This article was originally published in The Notebook. In August 2020, The Notebook became Chalkbeat Philadelphia.
To the editors:
Congratulations on the Summer 2006 issue of the Notebook focusing on arts and arts education in Philadelphia’s public schools. The issue provided a wealth of information on a topic that receives too little analysis – despite the widely-held concern that our schools, by reducing arts programming, are depriving students of critical links to self-knowledge, self-expression, and communication with the world around them.
Yet I was disappointed to see that the topic of dance as a medium for arts education received only passing mention. There were many possible avenues for giving your readers a sense of the goldmine that dance education offers to schools and students.

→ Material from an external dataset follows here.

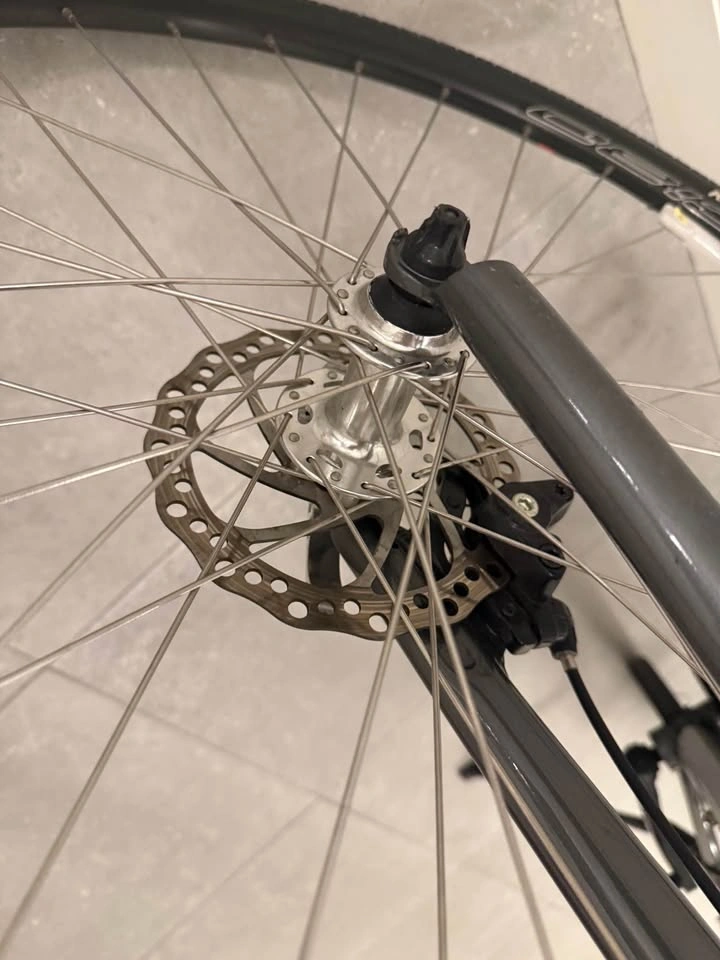 Raleigh Cadent Hybrid Bike - photo 3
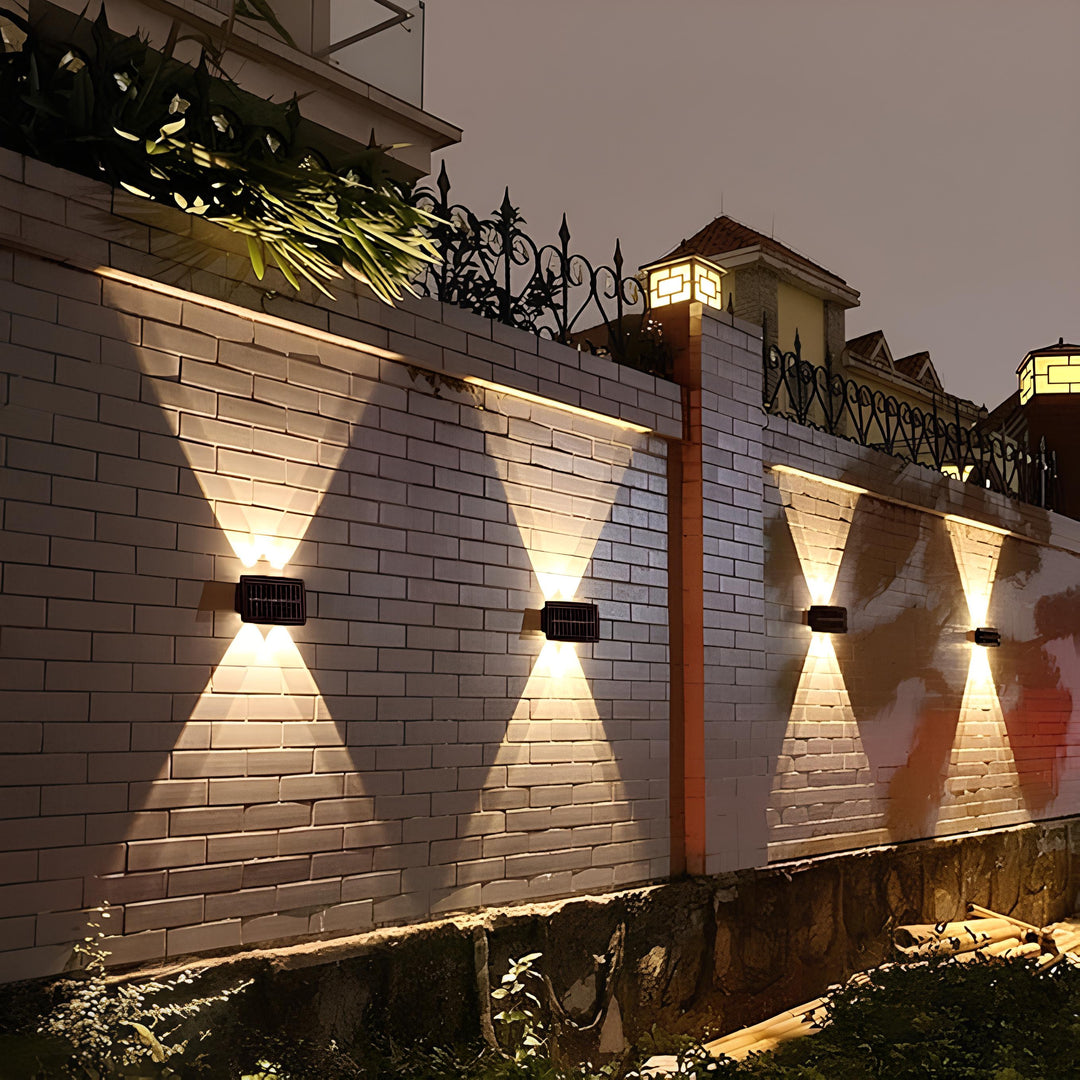 Solar LED Outdoor Wall Light – Warm White Kalsten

You might have reported on some of the exemplary – although far too few – dance education programs in the Philadelphia schools, programs like the longstanding dance curriculum initiated by master teacher Faye Snow at the Franklin Learning Center, and the Philadelphia Folklore Project’s school-based residencies led by master artists in African, Afro-Caribbean, Chinese and Cambodian dance. Or you might have explored the modest but growing body of research showing positive correlations between high-quality, standards-driven dance education and learning outcomes such as improved critical and creative thinking skills, greater ability to think fluidly and abstractly, improved student engagement and behavior, and richer and more diverse powers of expression. Or you might have identified stars of the dance world who began their artistic journey in the Philadelphia public schools (for example, the late Gary DeLoach, who gave up high school football to pursue dance at Franklin Learning Center and later became a principal dancer in the Alvin Ailey Company). Brief mention of difficulties attracting certified dance teachers (who must be certified in vocational education) might have been expanded.
My experience (as a performing and teaching artist, choreographer, former District administrator, and long-time participant in local arts and education initiatives) convinces me that dance education offers rich, often unique approaches to teaching young people to understand the elements and uses of culture, to develop capacities for teamwork, constructive social interaction and leadership, and to participate and rejoice in the power and sheer beauty of artistic invention.
I hope that the Summer 2006 issue of the Notebook will help raise the volume and rigor of discussion of the role of the arts in effective teaching and learning, especially as hearings on reauthorization of No Child Left Behind commence. I also hope parents, students, and educators grow in their appreciation of the tremendous value that dance education offers.
The writer lives in the Francisville area of Philadelphia, is a professional tap dancer and choreographer, and is a graduate of the Philadelphia public schools.